# Data reuploading for a universal quantum classifier¶

Based in the paper Quantum 4, 226 (2020).. In this `README.md` file you can see a short set of instructions for the usage of the example.

## What this example does?¶

This example provides a variational algorithm for classifying classical data using only one qubit. There are two main ideas in this work. The general idea is to create a single-qubit circuit where several different unitary gates are aplied

• Re-uploading: create a single-qubit circuit where several different unitary gates are applied. The exact gate depends on the point to classify and on a set of parameters found by learning the classes of a training set.

• Separating classes: the Bloch sphere has plenty of room on its surface, thus it is possible to define a set of target states representing different labels. These states are chosen in such a way that they are maximally orthogonal among them.

The re-uploading works in circuits like the one below. For this example, we will classify datasets with dimension 2. The exact dependency of the unitary gates was chosen to be Rz(w x1 + b)Ry(v x0 + a), although other Ansätze are also useful. Notice that the Ry gates are connected to the x0 coordinate, while Rz gates are related to x1. Rotations around two different axis suffice to generate enough representativity to solve the problem. The goal is to find a set of parameters such that all points belonging to the same class are driven to be as close as possible to a target state that depends on the class. These target states are chosen to be as orthogonal as possible. For binary classification, the states |0> and |1> are enough. Three classes require an equilateral triangle circumscribed to an equator. More classes require polyhedra. For 4, 6, 8, 12 and 20 labels, platonic polyhedra may be used. ## Usage¶

In this example there are only three files

• `datasets.py` contains the classical functions that create the datasets of the experiment and their representations.

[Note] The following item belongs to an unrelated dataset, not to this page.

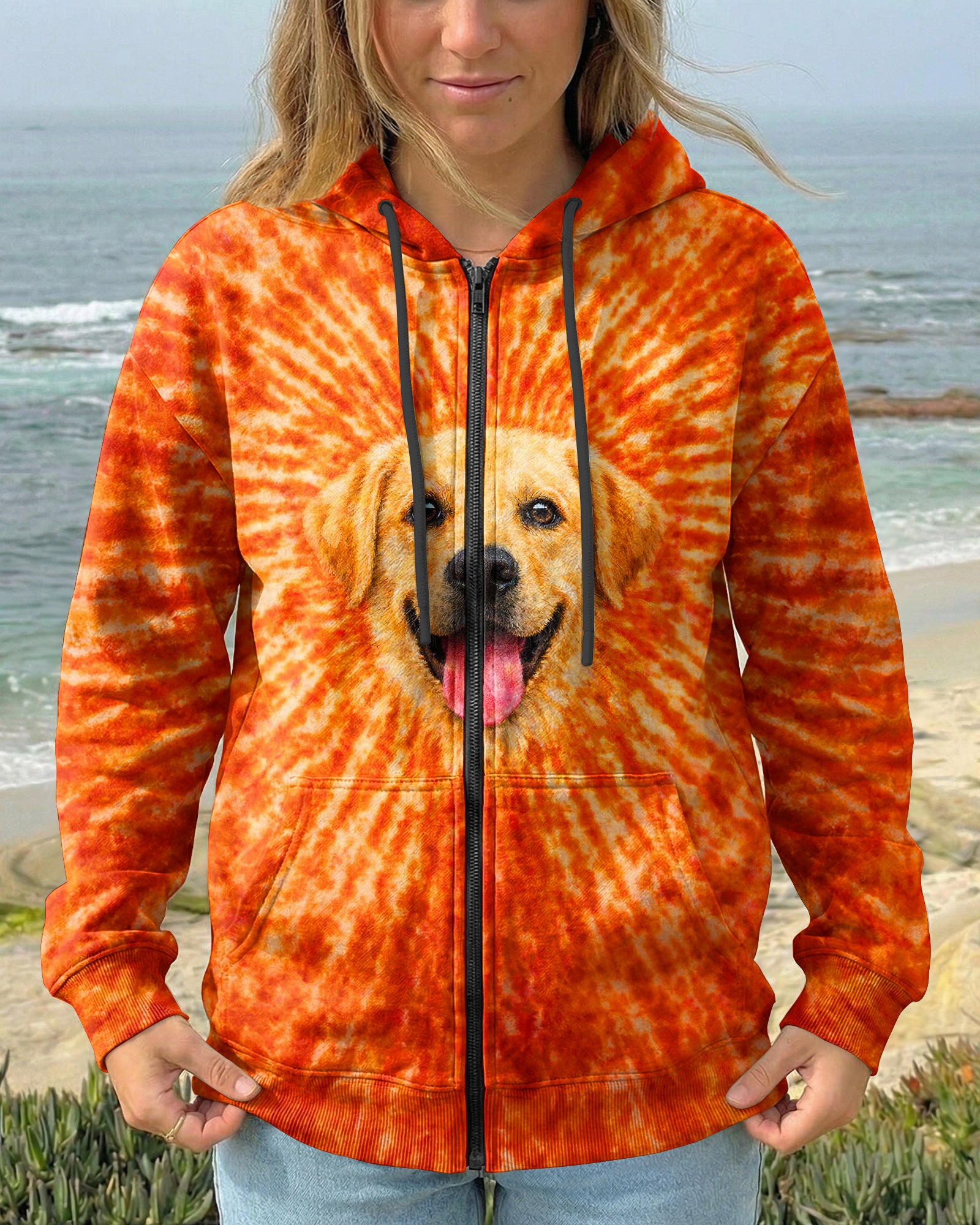 LABRADOR RETRIEVER  DOG ORANGE SWIRL ALL OVER PRINT   - TLNT0703261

• `qlassifier.py` encodes all quantum circuits and procedures needed to run the circuits.

• `main.py` is the file calling all other functions. The action of every line of code is commented in the source code.

The parameters to be fixed for a run of the experiment are

• dataset: problem to solve, to choose between `['circle', '3_circles', 'square', '4_squares', 'crown', 'tricrown', 'wavy_lines']`

• layers: layers of the classifier

Every time the `main.py` is run, it checks whether there is a solution to that particular problem. If it has been already computed, then no minimization is done, only the results are saved. Otherwise, minimization is performed. A collection of solved examples is saved in `saved_parameters.pkl`. It is not mandatory, but it may save some time.

## Results¶

Two different results are presented in this example. First, it is shown the labels that the algorithm guesses for every point (left), together with which ones are right and wrong (right). This result is useful for quantifying the accuracy of the classifier. The colors represent the guessed labels, while the area corresponding to each class is delimited with a black line. The second result represents the distribution of the test points on the Bloch sphere. In this case, the colors represent the actual labels of the points. This plot is useful to see how the points in the same class get close to the target state. Every time the `main.py` file is run, both results are saved in the folder `results/[name of the problem]/[number of layers]_layers`. The repository includes the solution for all problems with 10 layers.